I am not saying you can't have or make a PC run fast, but I am saying the business model does not allow for it since it is hardly regulated. You run the risk of having your machine run great and then having an update crash it, or a new driver actually make it perform slower. This is because no PC or hardware company out there can possibly test every single configuration of hardware/OS out there in the PC world. There are just too many combinations and too many different models. Apple has 6 computers they make and sell, PCs have I don't even know what to guess here, 1,000s of combinations of models and builds?

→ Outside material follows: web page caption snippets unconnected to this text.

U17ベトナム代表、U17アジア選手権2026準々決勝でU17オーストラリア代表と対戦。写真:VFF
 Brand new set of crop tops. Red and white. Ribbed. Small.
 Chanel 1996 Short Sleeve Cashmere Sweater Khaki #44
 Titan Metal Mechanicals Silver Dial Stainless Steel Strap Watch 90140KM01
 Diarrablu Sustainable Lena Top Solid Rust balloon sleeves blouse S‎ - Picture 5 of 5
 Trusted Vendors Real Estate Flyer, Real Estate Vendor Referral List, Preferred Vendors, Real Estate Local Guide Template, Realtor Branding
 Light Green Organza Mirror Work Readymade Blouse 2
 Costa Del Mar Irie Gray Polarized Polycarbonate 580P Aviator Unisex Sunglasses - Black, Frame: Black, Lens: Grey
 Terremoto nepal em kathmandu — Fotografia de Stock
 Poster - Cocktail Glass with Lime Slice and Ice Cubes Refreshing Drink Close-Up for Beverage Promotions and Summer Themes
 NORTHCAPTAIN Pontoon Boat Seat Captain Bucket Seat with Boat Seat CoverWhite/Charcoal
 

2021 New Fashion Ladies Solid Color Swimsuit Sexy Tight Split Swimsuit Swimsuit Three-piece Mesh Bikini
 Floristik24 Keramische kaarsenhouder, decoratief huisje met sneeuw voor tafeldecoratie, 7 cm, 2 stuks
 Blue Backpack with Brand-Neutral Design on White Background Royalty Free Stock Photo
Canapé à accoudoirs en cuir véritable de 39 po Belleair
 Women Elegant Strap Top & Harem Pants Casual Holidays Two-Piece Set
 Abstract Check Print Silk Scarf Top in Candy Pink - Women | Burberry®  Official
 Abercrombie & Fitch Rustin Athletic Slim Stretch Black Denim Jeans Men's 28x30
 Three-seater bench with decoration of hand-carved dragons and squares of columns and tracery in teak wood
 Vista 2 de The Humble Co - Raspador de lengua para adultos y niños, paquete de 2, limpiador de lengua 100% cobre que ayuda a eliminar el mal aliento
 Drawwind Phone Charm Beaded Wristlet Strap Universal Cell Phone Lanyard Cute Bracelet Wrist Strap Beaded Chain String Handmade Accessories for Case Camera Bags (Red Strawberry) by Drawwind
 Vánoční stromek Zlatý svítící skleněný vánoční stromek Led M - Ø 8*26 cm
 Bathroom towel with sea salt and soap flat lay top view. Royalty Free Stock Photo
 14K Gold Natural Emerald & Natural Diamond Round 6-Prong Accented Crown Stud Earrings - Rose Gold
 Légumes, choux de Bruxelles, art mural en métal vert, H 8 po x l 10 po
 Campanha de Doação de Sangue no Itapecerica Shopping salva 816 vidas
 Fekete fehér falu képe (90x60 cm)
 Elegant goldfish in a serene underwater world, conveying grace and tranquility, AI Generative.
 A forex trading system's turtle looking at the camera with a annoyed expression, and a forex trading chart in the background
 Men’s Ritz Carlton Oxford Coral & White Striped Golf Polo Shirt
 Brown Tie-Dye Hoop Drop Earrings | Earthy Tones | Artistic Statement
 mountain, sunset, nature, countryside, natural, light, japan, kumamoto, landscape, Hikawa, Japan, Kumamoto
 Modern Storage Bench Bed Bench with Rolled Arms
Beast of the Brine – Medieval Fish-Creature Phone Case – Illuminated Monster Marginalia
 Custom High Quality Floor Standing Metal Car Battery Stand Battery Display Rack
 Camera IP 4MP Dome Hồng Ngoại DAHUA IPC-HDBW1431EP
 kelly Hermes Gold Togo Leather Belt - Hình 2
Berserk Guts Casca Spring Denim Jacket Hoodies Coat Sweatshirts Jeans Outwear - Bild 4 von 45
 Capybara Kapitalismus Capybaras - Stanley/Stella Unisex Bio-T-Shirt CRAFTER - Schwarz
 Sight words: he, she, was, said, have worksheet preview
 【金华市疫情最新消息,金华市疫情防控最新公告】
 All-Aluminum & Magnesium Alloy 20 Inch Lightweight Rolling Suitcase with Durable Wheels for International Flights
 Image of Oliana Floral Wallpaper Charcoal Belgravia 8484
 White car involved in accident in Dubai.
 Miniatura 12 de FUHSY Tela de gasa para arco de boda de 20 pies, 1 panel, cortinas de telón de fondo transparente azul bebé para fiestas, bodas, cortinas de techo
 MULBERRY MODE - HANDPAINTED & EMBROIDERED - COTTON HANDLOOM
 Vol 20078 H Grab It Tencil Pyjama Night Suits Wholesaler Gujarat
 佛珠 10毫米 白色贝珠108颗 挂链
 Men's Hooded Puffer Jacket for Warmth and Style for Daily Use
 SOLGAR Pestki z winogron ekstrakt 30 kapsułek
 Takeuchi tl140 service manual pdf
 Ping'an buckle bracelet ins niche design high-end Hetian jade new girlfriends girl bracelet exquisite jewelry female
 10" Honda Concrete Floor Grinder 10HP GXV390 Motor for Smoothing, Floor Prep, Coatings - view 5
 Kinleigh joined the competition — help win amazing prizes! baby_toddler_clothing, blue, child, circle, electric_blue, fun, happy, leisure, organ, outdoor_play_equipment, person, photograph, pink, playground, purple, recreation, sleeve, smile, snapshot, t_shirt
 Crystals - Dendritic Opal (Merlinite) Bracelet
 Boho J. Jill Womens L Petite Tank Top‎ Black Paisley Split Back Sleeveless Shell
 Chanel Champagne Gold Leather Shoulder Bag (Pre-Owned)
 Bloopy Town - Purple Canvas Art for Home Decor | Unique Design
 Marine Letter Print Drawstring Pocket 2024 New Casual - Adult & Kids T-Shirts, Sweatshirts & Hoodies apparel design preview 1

I built my first PC when I was like 15 (back in 1995 to show how old I am) and then started working in IT at 18. I loved how you could build and customize a PC and I was a hardcore PC fan, and a gamer back then. I do not game as much as I used to. I got into Linux in the late 90s and at my first IT job we had to support Macs. I hated the classic OS on Apple, but since I worked on them I knew how it worked. Basically, long story short, our Apple guy quit and my boss says there is no such thing as an Apple guy anymore here in our department. Everyone is now both PC and Apple he said. So that is how I got into them. Then Apple went out and bought NEXT for their new OS and OS X came out. Over those years of supporting them and already having a Linux background somewhat I slowly started to find myself using the Mac platform more. It took me a good 5 years to actual learn that is Apple's business model. I also then realized it is hard to put a price on that. How do you justify buying a BMW over a Volkswagen? They have almost all the same parts, both hail from Germany, yet one costs double over the other, so how do you justify it? There are reasons too, BMWs do have a higher degree of engineering in them.
So, really when you buy a Mac you are getting more than just hardware and an OS. It is a whole package deal and that is Apple's business model for them. When you buy a PC you are getting pretty much diversity and buying power of choosing everything you want, but it is at your own risk and support may not be as good. That is their business model. Computers are more than just hardware specs when you get down into it. I have seen machines that ran dual processors and still ran like crap due to shotty software or bad drivers. The quality control is less because it is not regulated.
I do think that technology is getting better and some of these software problems are getting less and less, but then again sometimes developers get lazy and just put out a crap product. Even respected ones slip up sometimes.